当時、学田一帯は、水田、エンバク、大豆、トウキビ、ジャガイモなどの畑と牧草地帯であり、屯田兵村や隣村にとっては、牛馬にうってつけの放牧地帯でもあった。田畑は牛や馬に荒らされることもしばしば。そこで、隣村の飼い主といさかいもなく、何とか穏便に牛馬を追い払えないものか―と思案のあげく思いたったのが、ポプラの植樹作戦であった。つまり「部落のものがポプラ植樹の許可申請に、何度も道庁に掛け合ったようだ。悲願の許可が下りたら、牛や馬の放牧集中地帯を狙って植える。ポプラ育成の管理に関する権利義務を"錦の御旗"に掲げれば、放牧をうまく止めさせられることの思惑があったのですよ」と、当時、まだ20歳そこそこの青年だった和田浩さん(80)。
そうして村人総がかりでの植樹が始まった。苗木は部落の篤志家が寄贈し、全てが村民自身の手による風変わりな"緑化作戦"であった。大正4(1915)年、60年も昔のことである。
ちょうどこの年、京都では大正天皇の即位大礼が行われ、植樹計画も「大正天皇御大典記念」と銘打って箔(はく)を付け、作戦は無事成功したという。
ところが難儀がまたひとつ。
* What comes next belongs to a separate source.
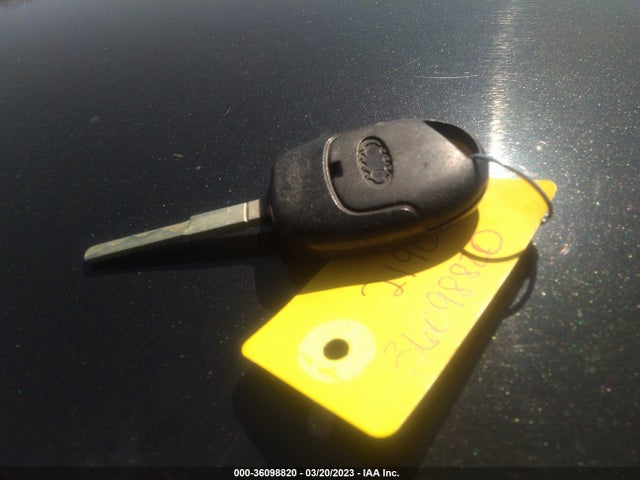 2012 FORD FIESTA SEL VIN: 3FADP4CJ5CM219651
植えて間もないポプラ並木に沿って馬鉄が通り始めた。馬がレールの上を客車を引いて走る、いわば「馬引き軌道車」が、茨戸から北7条あたりまでの石狩街道を雑穀などを積んで走った。若いポプラの枝振りが、馬のムチに適していたのか、何度も馬車追いに折って使われ、くる日もくる日も補植の明け暮れだった。
こんなことを繰り返しているうちに、放牧追放で植えた当初の目的も、次第にポプラ育成の愛着に変わっていった。
そして現在、大正、昭和の風雪を耐え抜いた「太平ポプラ並木」も、樹齢60年。北大ポプラ並木に劣らぬ見事な風物となっている。